Tuesday, October 12, 2010

Linda LeGarde Grover on Listening and Learning

In the 49th in a series of posts on 2010 short story collections entered for The Story Prize, Linda LeGarde Grover, author of The Dance Boots (University of Georgia Press), talks about a tradition of storytelling.

Describe one of the stories in your collection.The first story is called “The Dance Boots” and was the last written. The narrator, Artense, receives a telephone call from her Aunt Shirley, who then begins to tell her niece stories about their family. In this contemporary continuation of Ojibwe oral tradition a worldview and history are passed from one generation to another. Over twenty years of listening and learning from Aunt Shirley, Artense absorbs the collective story that she will one day pass to the generation that follows her own.
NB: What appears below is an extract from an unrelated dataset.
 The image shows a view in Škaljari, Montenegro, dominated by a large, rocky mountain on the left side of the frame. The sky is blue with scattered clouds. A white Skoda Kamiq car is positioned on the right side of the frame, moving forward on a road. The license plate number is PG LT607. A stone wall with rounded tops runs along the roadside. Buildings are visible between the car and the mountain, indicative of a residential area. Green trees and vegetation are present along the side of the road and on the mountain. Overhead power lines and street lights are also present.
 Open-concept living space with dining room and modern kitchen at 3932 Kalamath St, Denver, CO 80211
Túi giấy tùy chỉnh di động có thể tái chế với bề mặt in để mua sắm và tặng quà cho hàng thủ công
What is your writing process like? I try to keep an open mind and heart for when it is time to write. I have written while watching TV, I have written while listening to Broadway show tunes on my headphones. When the time is right it is right, so I try to pay attention. It’s beyond my own decision, perhaps; I haven’t yet tried deciding to sit at the desk and write a piece of fiction. The fiction seems to make its own decisions.
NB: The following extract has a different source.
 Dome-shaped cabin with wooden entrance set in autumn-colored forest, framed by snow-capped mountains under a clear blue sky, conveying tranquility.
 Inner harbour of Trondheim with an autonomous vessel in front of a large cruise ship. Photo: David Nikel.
What do you think a good short story collection should deliver? For my own collection I thought that the stories needed to link. Ojibwe traditional storytelling links people and spirits, time and place, events and consequences. This creates what I have heard called a “big picture” view of the world past, present and to come. My own collection is small contribution to the story of Ojibwe survival.

What book made you want to become a writer? Pocahontas, by the D’aulaires. My first grade teacher read us the story and showed us the pictures. I then checked the book out of the school library many times. I saw the book through the eyes of an American Indian child and felt the sense of storytelling as a means of educating in that indirect way of the Ojibwe. I could talk here about the questions of historical accuracy and biased presentation in that book, but what I chose to look at was the story of a girl and her father, of courage and even happiness in the face of awesome and tragic historical events. I think that the characters in “The Dance Boots” exhibit those same traits as well as their grounding in family and community strengths.

What kind of research do you do? My dissertation was on the effects of boarding school education on American Indian (mostly Ojibwe) individuals and families. I have continued that research and focus much of my work today on families, on Ojibwe traditional teaching and learning, and on Ojibwe epistemology in literature.

What, if any, non-literary forms of expression do you practice?
I sew aprons from old patterns. It’s a way of understanding other people; most aprons I make have a person in mind, whether it ends up going to her or not. The women I know are models, unaware and unintentional, who sometimes receive an apron as a gift.

Who is your favorite living author, and why?There are many: The Erdrich sisters, Amy Tan, and Diane Wilson all write about the strength of ordinary people living ordinary lives in extraordinary times (perhaps all times are extraordinary for some people). And I have read Ishiguro’s Never Let Me Go several times, probably because of the same. Strength does not always equate with survival.